### Exercise description
Nothing but the pictures should go missing; return all the entries below exactly.

--- Provided records ---

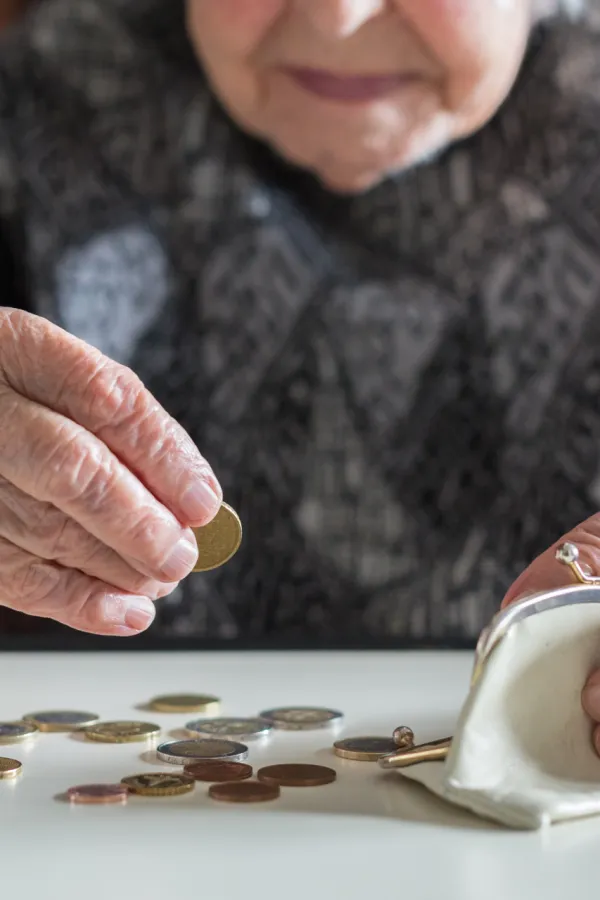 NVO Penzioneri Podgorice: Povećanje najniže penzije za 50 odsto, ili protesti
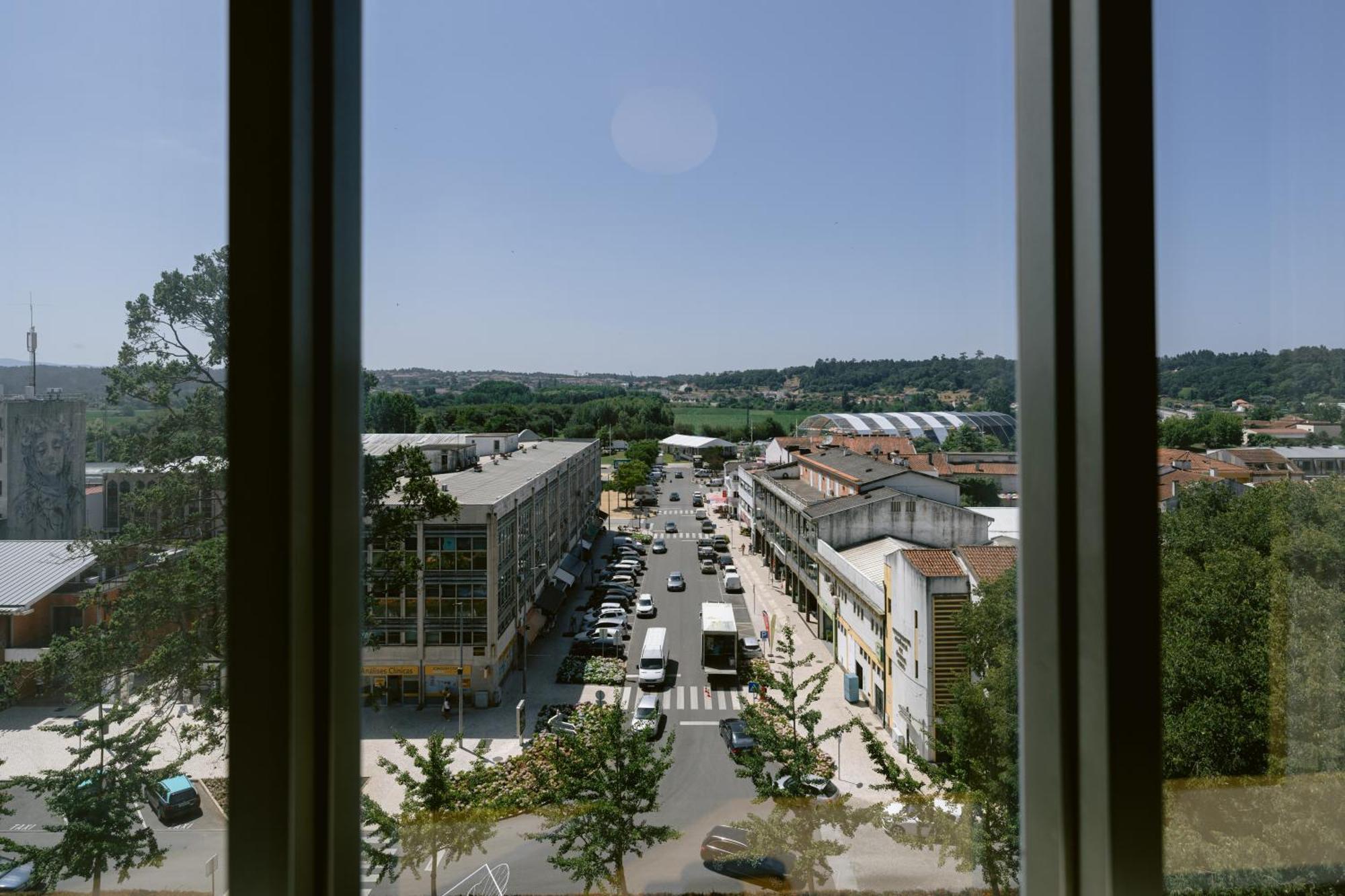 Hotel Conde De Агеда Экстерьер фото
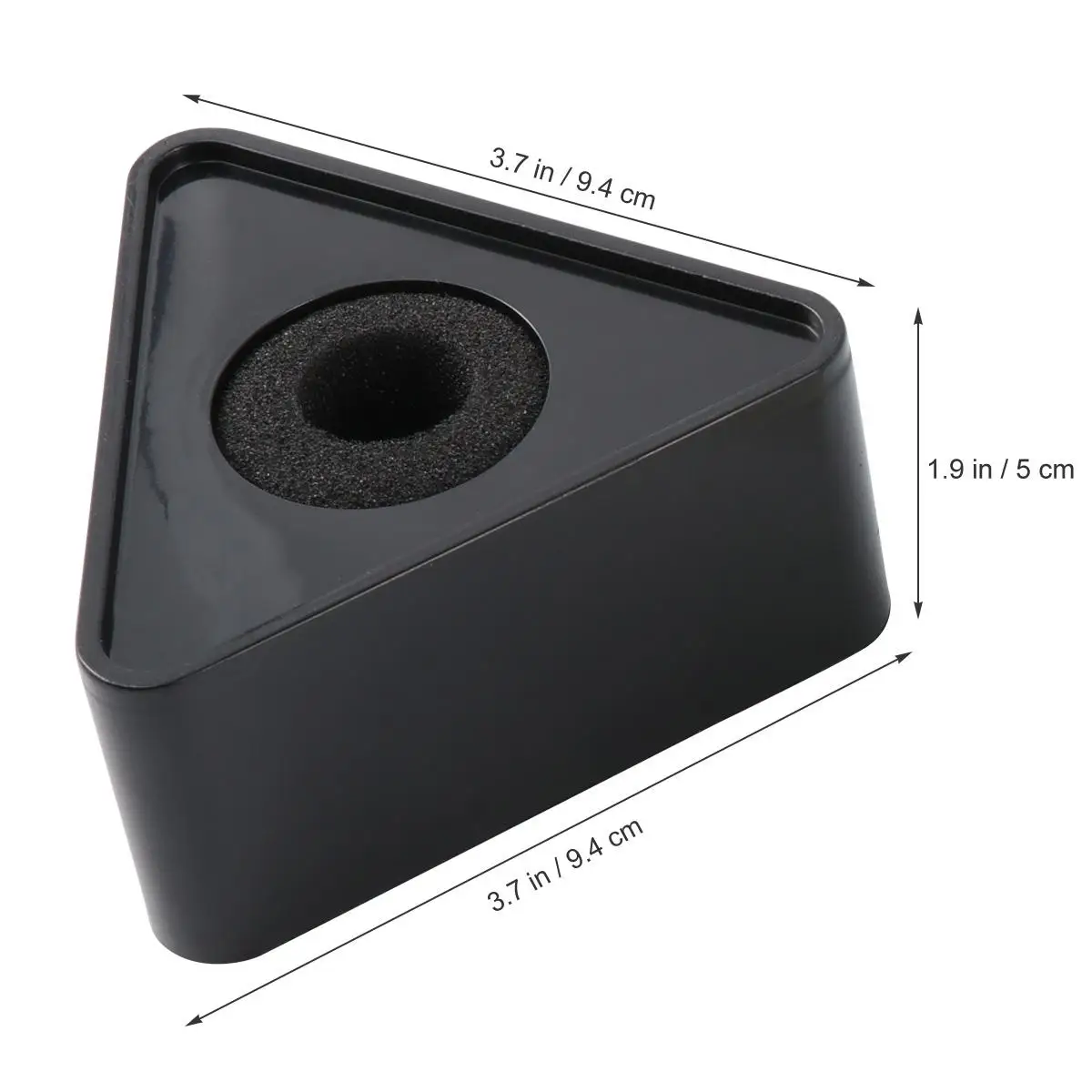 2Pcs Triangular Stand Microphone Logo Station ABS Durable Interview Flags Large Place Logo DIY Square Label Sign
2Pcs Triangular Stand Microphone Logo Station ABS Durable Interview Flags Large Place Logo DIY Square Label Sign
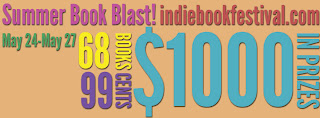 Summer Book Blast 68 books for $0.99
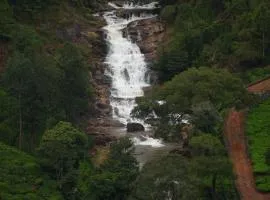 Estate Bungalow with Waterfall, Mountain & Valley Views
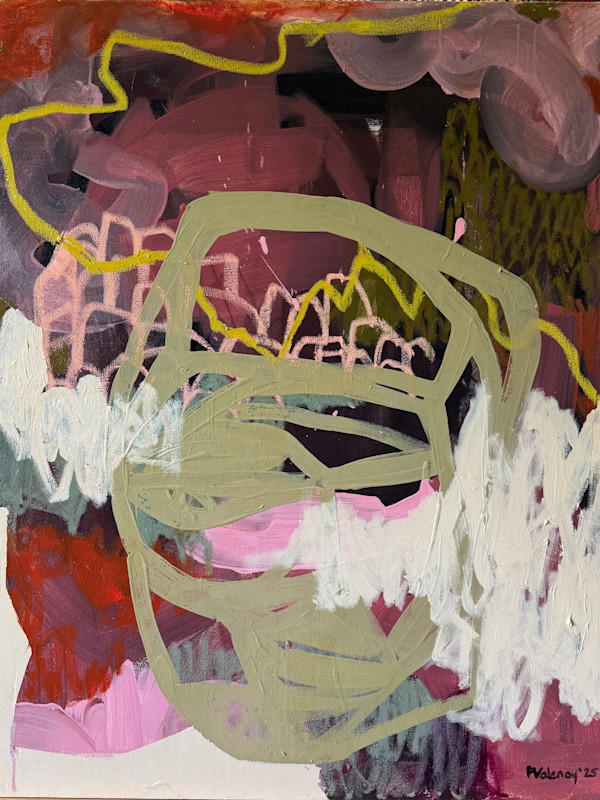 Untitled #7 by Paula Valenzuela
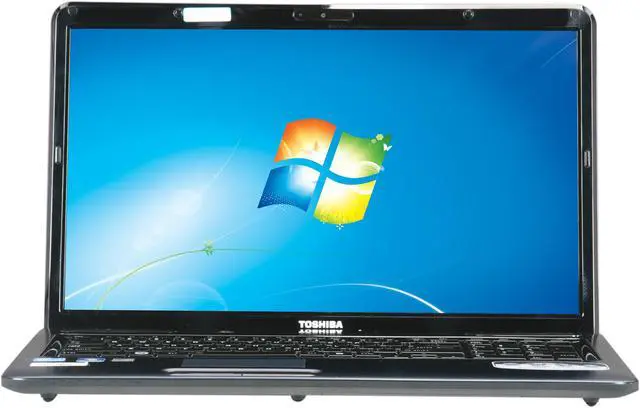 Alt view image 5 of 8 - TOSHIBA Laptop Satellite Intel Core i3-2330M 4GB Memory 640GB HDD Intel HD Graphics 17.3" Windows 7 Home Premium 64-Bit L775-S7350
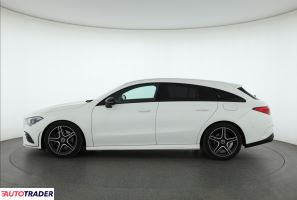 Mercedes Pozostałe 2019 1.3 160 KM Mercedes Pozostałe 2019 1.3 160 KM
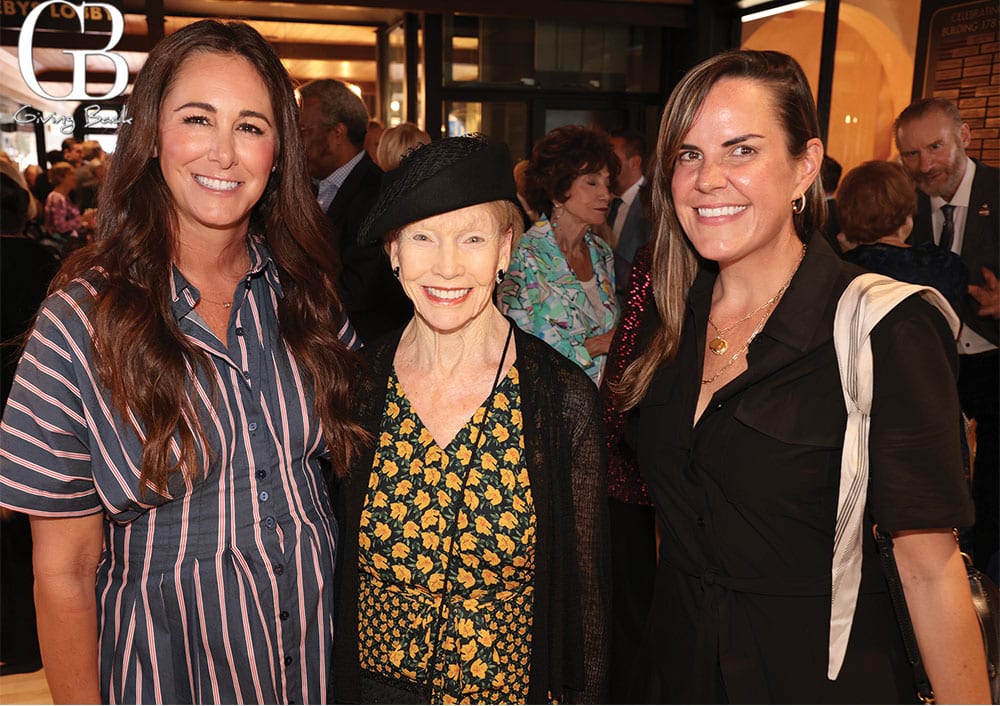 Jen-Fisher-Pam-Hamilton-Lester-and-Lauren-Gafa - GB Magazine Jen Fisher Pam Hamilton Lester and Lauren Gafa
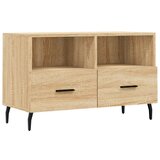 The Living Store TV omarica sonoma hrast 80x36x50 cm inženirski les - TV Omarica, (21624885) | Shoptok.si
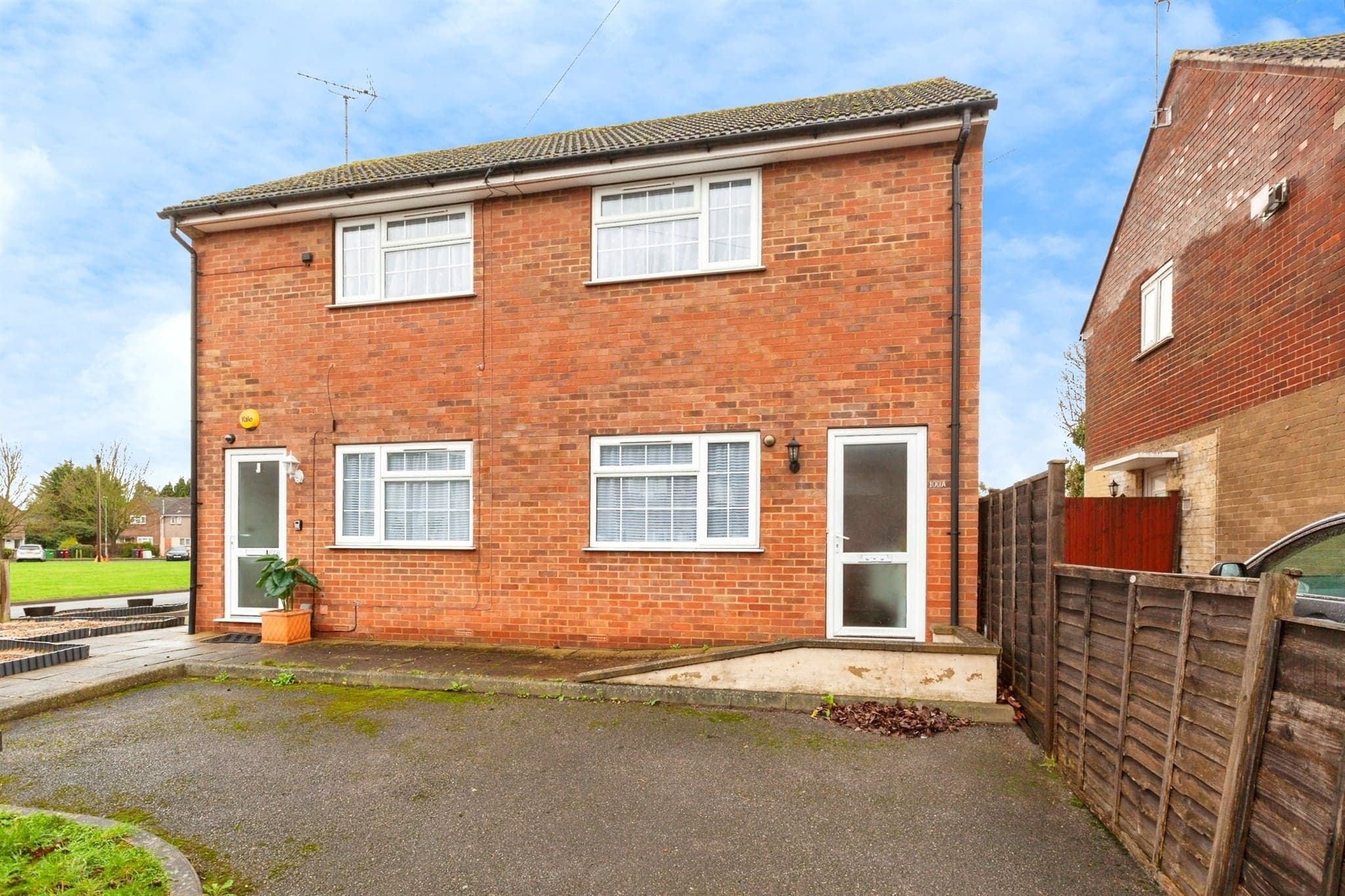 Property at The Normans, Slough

---

### Answer below
 NVO Penzioneri Podgorice: Povećanje najniže penzije za 50 odsto, ili protesti
 Hotel Conde De Агеда Экстерьер фото
 2Pcs Triangular Stand Microphone Logo Station ABS Durable Interview Flags Large Place Logo DIY Square Label Sign
2Pcs Triangular Stand Microphone Logo Station ABS Durable Interview Flags Large Place Logo DIY Square Label Sign
 Summer Book Blast 68 books for $0.99
 Estate Bungalow with Waterfall, Mountain & Valley Views
 Untitled #7 by Paula Valenzuela
 Alt view image 5 of 8 - TOSHIBA Laptop Satellite Intel Core i3-2330M 4GB Memory 640GB HDD Intel HD Graphics 17.3" Windows 7 Home Premium 64-Bit L775-S7350
 Mercedes Pozostałe 2019 1.3 160 KM Mercedes Pozostałe 2019 1.3 160 KM
 Jen-Fisher-Pam-Hamilton-Lester-and-Lauren-Gafa - GB Magazine Jen Fisher Pam Hamilton Lester and Lauren Gafa
 The Living Store TV omarica sonoma hrast 80x36x50 cm inženirski les - TV Omarica, (21624885) | Shoptok.si
 Property at The Normans, Slough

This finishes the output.